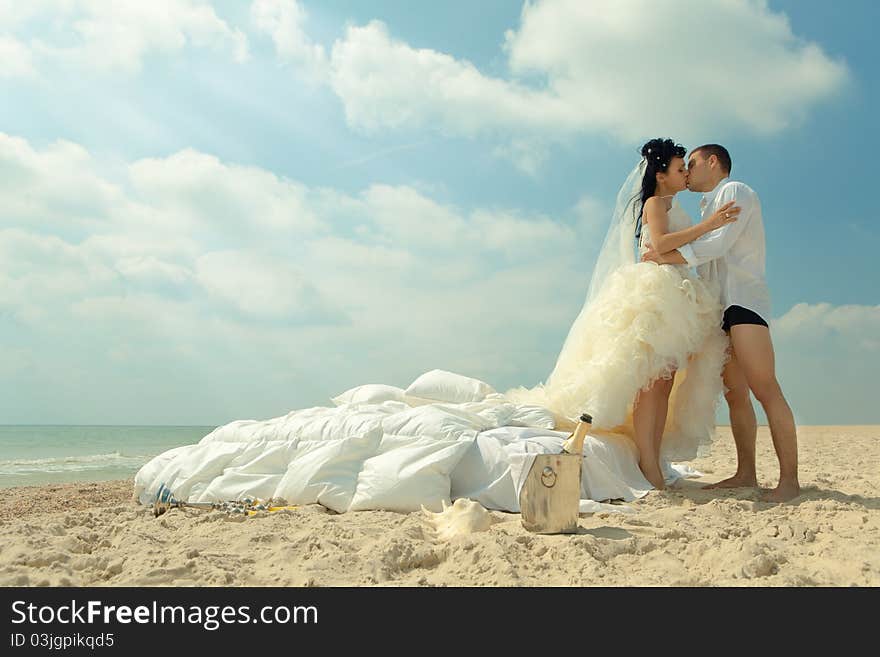 Bride and groom kissing next to bed on the beach. Bride and groom kissing next to bed on the beach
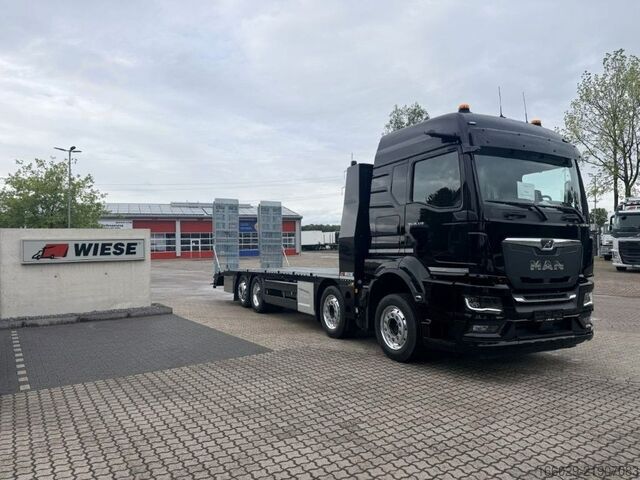 Ciężarówka z płaską platformą MAN Baumaschinen Maschinentransporter mit Rampen
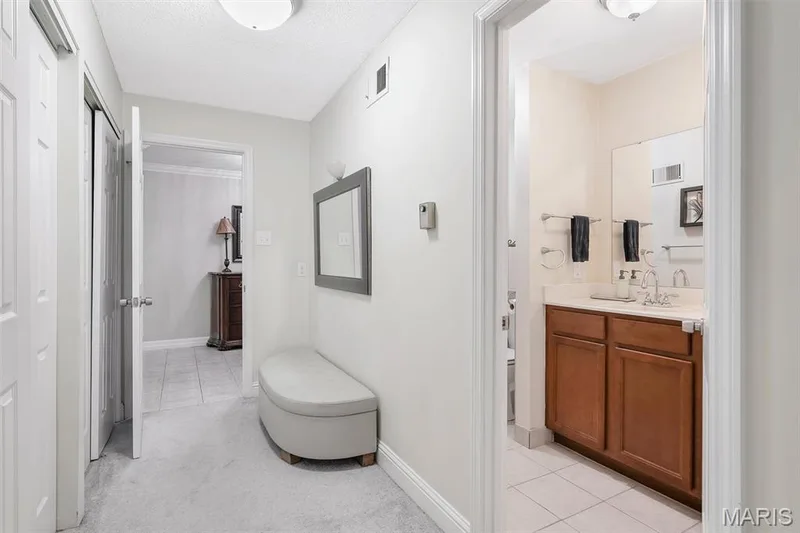Hallway featuring light tile patterned flooring — 1511 Hampton Hall Drive #19 & 20, Chesterfield, MO 63017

-------

Your objective: From the line that contains "Ciężarówka z płaską" through the last line of the listing, copy each line exactly; both end lines stay in, and pictures stay out.

Answer:
 Ciężarówka z płaską platformą MAN Baumaschinen Maschinentransporter mit Rampen
Hallway featuring light tile patterned flooring — 1511 Hampton Hall Drive #19 & 20, Chesterfield, MO 63017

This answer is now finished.